Az önce gördüklerim göğsümü delip geçerken hıçkırdım. Yaşlı gözlerim yüzünden önümü bile doğru düzgün göremiyordum.
Yüzünü görmek istemesem de Mert arkamdan yetişip kolumu tutarak beni durdurdu.
"Yeter Alya, doğru evine gidiyorsun!"
Kolumu tutan elinden bile tiksiniyordum şu an. Onu göğsünden itekleyip yüzüne doğru bağırdım.
"Doğru, gideyim de sen işini rahatça gör!"
Beyefendiye engel olmuştum ya, ondandı bu siniri.
Mert'in yüzü öfkeyle kasılırken o da benim gibi bağırdı.

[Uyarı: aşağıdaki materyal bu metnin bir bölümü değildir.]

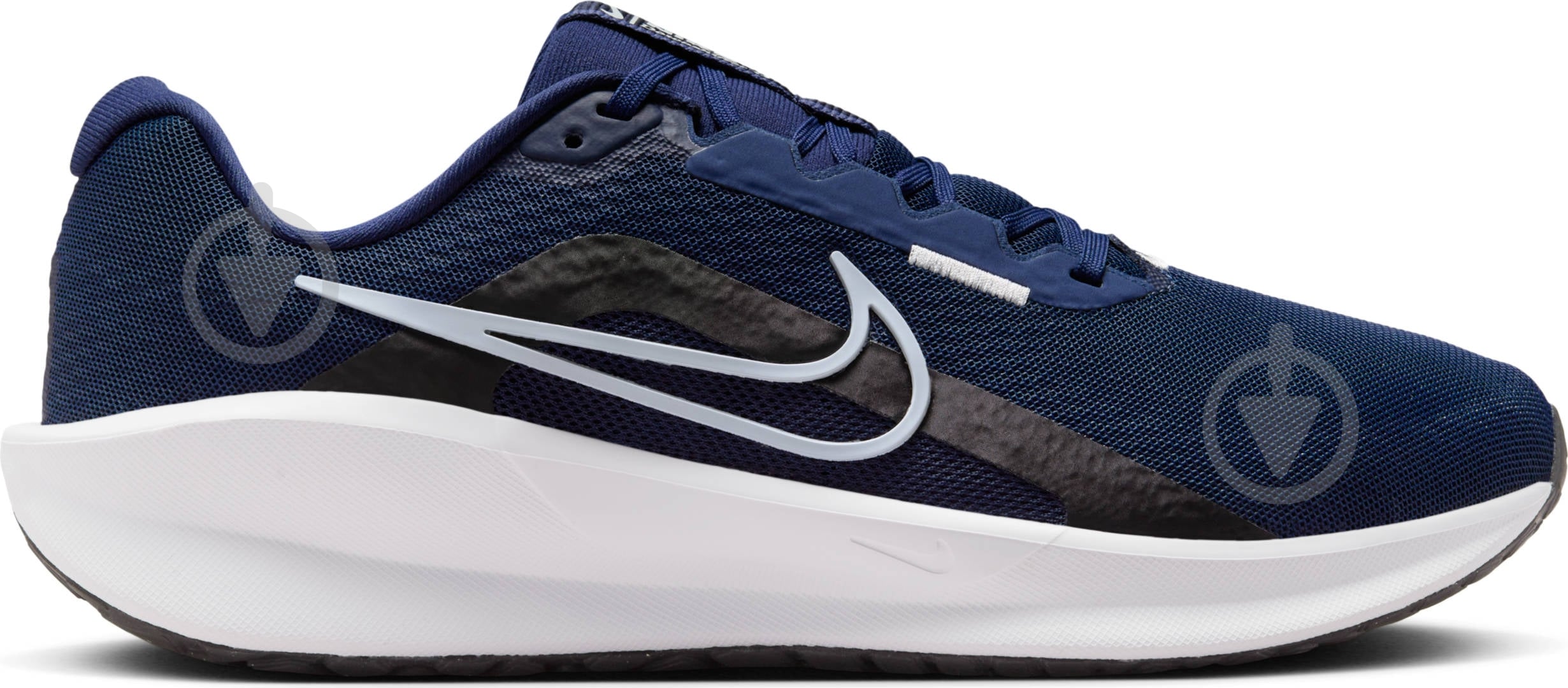 ᐉ Кросівки чоловічі демісезонні Nike DOWNSHIFTER 13 FD6454-400 р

"Rahip miyim kızım ben?! Ne sanıyordun, bunca yıl senin büyümeni mi bekleyecektim?!"
Duyduğum cümleyle hayallerim bir bir yıkılırken ona kırgın gözlerimle baktım.
Mert senelerdir onunla kurduğum tüm düşleri bir bir alaşağı etmişti. Bense hepsinin altında öylece kalakalmıştım.
Oysaki biz, çok başka olabilirdik. Ama olamamıştık.. Mert izin vermemişti.
"Beni bir kez bile kabul etmedin-"
Ben ona benden sakındığı her şey için sitem ederken Mert, sanki duymaya bile tahammül edemiyormuş gibi sözümü kesti.
"Kes artık saçmalamayı Alya!"
Gözlerinden adeta ateşler fışkırıyordu.
"Kızım sen kendini o...pularla niye kıyaslıyorsun!"
Doğru, onun gözünde bir o...pu kadar bile olamamıştım ben. Bütün öfkemle, tüm hıncımı dökerek karşılık verdim.
"Benim o kadından neyim eksikti?! Ha, söyle! Ondan olup bende olmayan neydi?!"
Mert öfkeyle beni kendine çekip yüzlerimizin karşı karşıya gelmesini sağladı. Nefeslerimiz birbirine karışırken de sorumu cevapladı.
"Sen kulüp köşelerinde s.kilecek kız değilsin!"